### Work to complete
Copy exactly the lines of the data below that run from the line holding "Девушка в студии звукозаписи" through the line holding "Photo - 1712 1/2 W 39th St", both ends included.

### Data shown
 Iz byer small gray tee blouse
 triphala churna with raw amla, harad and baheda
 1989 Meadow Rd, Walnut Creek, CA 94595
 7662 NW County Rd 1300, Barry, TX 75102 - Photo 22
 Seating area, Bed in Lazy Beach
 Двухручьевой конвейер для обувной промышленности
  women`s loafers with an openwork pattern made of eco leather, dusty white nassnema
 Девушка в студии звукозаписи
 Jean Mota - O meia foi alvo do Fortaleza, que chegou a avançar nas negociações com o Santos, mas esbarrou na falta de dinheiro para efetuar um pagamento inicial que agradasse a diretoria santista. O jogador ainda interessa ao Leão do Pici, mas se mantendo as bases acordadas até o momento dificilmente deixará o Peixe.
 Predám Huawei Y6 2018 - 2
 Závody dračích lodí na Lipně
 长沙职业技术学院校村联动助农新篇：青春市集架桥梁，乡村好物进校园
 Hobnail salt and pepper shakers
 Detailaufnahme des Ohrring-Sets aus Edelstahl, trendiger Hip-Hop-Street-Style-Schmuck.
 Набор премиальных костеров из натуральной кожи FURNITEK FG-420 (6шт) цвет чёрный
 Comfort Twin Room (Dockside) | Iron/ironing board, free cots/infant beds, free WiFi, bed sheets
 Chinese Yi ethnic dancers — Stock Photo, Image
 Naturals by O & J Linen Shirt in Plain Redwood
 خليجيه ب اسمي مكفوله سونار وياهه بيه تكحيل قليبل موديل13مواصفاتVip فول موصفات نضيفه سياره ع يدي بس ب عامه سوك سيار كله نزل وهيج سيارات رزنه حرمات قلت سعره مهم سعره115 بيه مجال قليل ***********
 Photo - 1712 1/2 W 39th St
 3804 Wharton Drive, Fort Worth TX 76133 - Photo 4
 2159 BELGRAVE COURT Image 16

### Finished exercise
 Девушка в студии звукозаписи
 Jean Mota - O meia foi alvo do Fortaleza, que chegou a avançar nas negociações com o Santos, mas esbarrou na falta de dinheiro para efetuar um pagamento inicial que agradasse a diretoria santista. O jogador ainda interessa ao Leão do Pici, mas se mantendo as bases acordadas até o momento dificilmente deixará o Peixe.
 Predám Huawei Y6 2018 - 2
 Závody dračích lodí na Lipně
 长沙职业技术学院校村联动助农新篇：青春市集架桥梁，乡村好物进校园
 Hobnail salt and pepper shakers
 Detailaufnahme des Ohrring-Sets aus Edelstahl, trendiger Hip-Hop-Street-Style-Schmuck.
 Набор премиальных костеров из натуральной кожи FURNITEK FG-420 (6шт) цвет чёрный
 Comfort Twin Room (Dockside) | Iron/ironing board, free cots/infant beds, free WiFi, bed sheets
 Chinese Yi ethnic dancers — Stock Photo, Image
 Naturals by O & J Linen Shirt in Plain Redwood
 خليجيه ب اسمي مكفوله سونار وياهه بيه تكحيل قليبل موديل13مواصفاتVip فول موصفات نضيفه سياره ع يدي بس ب عامه سوك سيار كله نزل وهيج سيارات رزنه حرمات قلت سعره مهم سعره115 بيه مجال قليل ***********
 Photo - 1712 1/2 W 39th St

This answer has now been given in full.